The bid amounts became public before the Board of Supervisors had a chance to discuss the submissions. {mprestriction ids=”1,2,3,4,5,6″}

The bid amounts were included in the initial July agenda packet and were posted online, but were quickly removed once that became known, said Isle of Wight Assistant County Administrator Don Robertson.

Mill Swamp Hunt Club member Billy Holleman said another member initially saw the bid amounts in the Board packet posted online. 

“If someone saw it, that’s one thing, but if made pubic, something else,” said Robertson, blaming the breach of secrecy on a July 24 Smithfield Times story concerning the bid amounts. 

If it hadn’t been in the newspaper, it’s not known if the bids would have had to be nullified, said Robertson, who didn’t consider posting the bids on the county website the breach even though hunt club members saw it there.

The information wasn’t on the website for very long, Robertson added. 

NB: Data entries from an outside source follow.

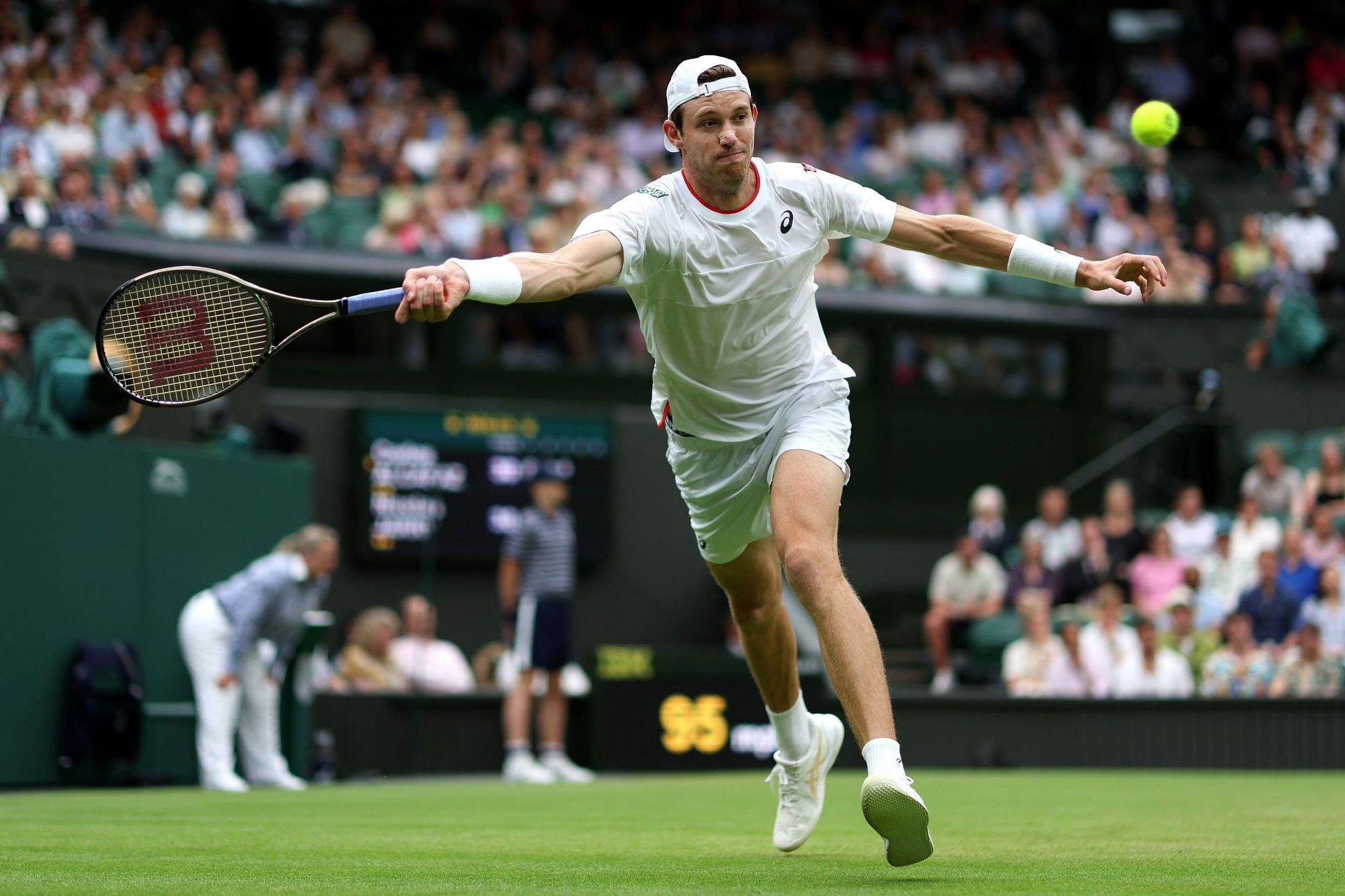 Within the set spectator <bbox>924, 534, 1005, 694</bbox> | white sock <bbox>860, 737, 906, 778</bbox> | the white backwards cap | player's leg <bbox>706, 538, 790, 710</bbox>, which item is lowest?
spectator <bbox>924, 534, 1005, 694</bbox>

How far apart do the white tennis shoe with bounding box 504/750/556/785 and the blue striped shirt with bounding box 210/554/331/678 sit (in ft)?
6.76

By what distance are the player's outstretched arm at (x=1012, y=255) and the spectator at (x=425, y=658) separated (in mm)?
9822

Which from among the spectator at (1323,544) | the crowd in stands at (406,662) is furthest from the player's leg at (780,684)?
the spectator at (1323,544)

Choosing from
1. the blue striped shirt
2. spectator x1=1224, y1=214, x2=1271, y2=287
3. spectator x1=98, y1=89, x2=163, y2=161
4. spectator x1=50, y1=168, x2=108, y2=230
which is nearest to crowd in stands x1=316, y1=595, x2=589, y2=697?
the blue striped shirt

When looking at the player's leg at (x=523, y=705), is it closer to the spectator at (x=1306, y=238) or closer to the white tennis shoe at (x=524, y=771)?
the white tennis shoe at (x=524, y=771)

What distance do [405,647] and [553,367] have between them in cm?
346

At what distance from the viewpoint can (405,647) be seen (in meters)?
15.5

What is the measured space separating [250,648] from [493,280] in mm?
7626

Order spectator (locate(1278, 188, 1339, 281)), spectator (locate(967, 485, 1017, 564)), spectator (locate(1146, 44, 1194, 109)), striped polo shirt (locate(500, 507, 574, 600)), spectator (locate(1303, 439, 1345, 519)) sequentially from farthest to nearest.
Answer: spectator (locate(1146, 44, 1194, 109)) < spectator (locate(1278, 188, 1339, 281)) < spectator (locate(967, 485, 1017, 564)) < spectator (locate(1303, 439, 1345, 519)) < striped polo shirt (locate(500, 507, 574, 600))

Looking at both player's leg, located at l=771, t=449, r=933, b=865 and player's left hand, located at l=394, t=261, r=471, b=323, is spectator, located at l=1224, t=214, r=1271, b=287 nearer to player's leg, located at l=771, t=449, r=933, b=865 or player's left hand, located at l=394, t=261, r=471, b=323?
player's leg, located at l=771, t=449, r=933, b=865

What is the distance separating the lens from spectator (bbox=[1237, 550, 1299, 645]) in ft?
49.6

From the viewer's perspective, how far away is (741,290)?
19.0ft

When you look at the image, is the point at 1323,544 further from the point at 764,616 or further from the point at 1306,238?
the point at 764,616

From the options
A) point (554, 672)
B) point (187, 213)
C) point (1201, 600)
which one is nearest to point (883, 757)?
point (554, 672)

The bidders and the bid amounts were included in a customary staff report and received from a hunt club member by The Smithfield Times. In addition to the bid amounts, it stated, “Proposals from three hunt clubs desiring to hunt on the Blackwater have been submitted and reviewed. The Board may wish to authorize staff to move forward with the high bidders for each of the respective sections of the property.” 

A Surry County-based hunt club had offered three times the cash that Mill Swamp had proffered for use of the land during deer and turkey hunting seasons, $18,000 versus $5,000. Isle of Wight Hunt Club was the only bidder on the smaller tract, at $2,400.

Jones wanted the Board to consider if it wants to drop the RFP route and instead do an invitation to bid.

An invitation to bid spells out what the bidder is required to do and the bidder offers an amount to do the job, said Robertson.

Generally, in bids for roads, schools and similar items, the job goes to the lowest bidder, he said.

In this case, it’s the reverse — the county is leasing the property and the bidder is paying to use it, as well as fulfill the requirements of the job, so the highest bidder will win, said Robertson. 

A request for proposals is a more involved process and in addition to the bid amount, the county also takes into consideration what is being offered, said Robertson.

Smithfield Supervisor Dick Grice said the Blackwater RFP did not address the maintenance that would be required and how that the clubs would be held accountable for the work. 

With the RFP, the county would have negotiated with the hunt clubs over what they would be willing to do and at what price, said Robertson.

In addition to hunting, the clubs have historically maintained the many paths that run through the roughly 1,800-acre property. 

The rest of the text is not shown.